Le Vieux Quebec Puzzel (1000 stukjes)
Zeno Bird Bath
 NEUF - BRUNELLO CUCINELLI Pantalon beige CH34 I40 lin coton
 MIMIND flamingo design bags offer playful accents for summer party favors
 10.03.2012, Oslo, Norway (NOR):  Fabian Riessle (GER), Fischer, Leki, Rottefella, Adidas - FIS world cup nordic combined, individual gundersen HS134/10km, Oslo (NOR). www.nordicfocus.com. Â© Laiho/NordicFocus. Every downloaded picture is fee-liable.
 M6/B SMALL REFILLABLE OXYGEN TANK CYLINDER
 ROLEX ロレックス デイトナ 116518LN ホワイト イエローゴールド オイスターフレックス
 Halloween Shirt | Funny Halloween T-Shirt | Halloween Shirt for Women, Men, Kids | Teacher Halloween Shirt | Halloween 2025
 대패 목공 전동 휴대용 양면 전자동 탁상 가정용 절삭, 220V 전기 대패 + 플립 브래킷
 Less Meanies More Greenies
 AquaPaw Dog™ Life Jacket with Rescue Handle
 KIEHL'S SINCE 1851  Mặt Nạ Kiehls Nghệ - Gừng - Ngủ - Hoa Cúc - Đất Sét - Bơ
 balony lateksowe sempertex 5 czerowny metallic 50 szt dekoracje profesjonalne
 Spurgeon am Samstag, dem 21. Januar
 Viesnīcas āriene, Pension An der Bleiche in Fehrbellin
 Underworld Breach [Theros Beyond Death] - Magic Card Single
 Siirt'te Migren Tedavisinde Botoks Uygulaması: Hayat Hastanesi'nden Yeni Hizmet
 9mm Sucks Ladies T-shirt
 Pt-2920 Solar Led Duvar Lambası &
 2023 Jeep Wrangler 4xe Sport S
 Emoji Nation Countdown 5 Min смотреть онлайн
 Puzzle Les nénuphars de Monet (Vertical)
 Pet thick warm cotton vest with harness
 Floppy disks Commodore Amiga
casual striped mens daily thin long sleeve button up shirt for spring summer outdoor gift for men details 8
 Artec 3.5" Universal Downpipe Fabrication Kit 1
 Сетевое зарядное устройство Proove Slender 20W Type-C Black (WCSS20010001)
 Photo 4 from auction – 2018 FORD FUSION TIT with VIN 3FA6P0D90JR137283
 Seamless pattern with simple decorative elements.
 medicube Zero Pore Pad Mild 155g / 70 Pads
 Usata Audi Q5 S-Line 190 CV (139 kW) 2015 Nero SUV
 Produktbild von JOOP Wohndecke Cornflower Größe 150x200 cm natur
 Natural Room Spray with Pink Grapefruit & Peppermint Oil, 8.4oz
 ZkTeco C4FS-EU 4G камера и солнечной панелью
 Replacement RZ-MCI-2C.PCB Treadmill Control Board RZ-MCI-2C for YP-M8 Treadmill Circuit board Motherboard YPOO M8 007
-------
Description of the task:
Where a line of the entries above holds the word "summer", return that line.

Answer section:
 MIMIND flamingo design bags offer playful accents for summer party favors
casual striped mens daily thin long sleeve button up shirt for spring summer outdoor gift for men details 8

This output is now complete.